Wednesday, June 10, 2015

DBlasio still plans to develop NYCHA property

From the Observer:

The heads of the New York City Housing Authority today told the City Council that Mayor Bill de Blasio’s “NextGeneration” plan to revitalize public housing’s strapped finances may involve selling several valuable lots to developers.

NYCHA General Manager Michael Kelly and Vice President for Development Bill Crawley testified that the “land lease” portion of the plan, intended to monetize vacant tracts of authority property by opening them up for low- and mixed-income development, may involve outright sale of at least two to four as-yet unspecified parcels. Their comments were in response to requests from Bronx Councilman Ritchie Torres, chairman of the Committee on Public Housing, for assurances that the housing authority leaders would not sell property—which former Mayor Michael Bloomberg had proposed as a fix for NYCHA’s ballooning operating deficits and $17 billion backlog in repairs.


Anonymous said...

You cant have a building comprised of haves and have nots.or predators and victims. Knock those crappy buildings down and replace with no more than a 10 story building in its place.

Anonymous said...

de Blasio's sub rosa efforts to undermine The Projects while hoodwinking the masses in public to believe he's a true lefty who's going to bring them "affordable housing" has the potential to be his greatest accomplishment if he can pull it off. Living in NYC is not a civil right! Hope this eventually clears the way for the city to displace non-productive people with productive ones.

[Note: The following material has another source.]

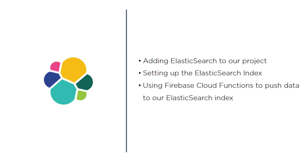Okay, in the last two videos we added Elasticsearch to our project, then we set up our Elasticsearch index, and now we're ready to build the cloud function that's going to make a copy of our data from Firebase to our Elasticsearch server so that we can query it.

Even the commentary in NYTimes articles on this issue have shown that the public is sick and tired of the entitlement crowd: "they're gonna build over my parking lot! They're taking away our views! They're pushing us out, and with it, the city's vibrant diversity!"

The days of the free ride on the backs of the masses paying market rate are numbered, folks, and I gotta give duh-Blazio credit for this one!

Anonymous said...

RIght and left agree rent subsidies are better than rent control.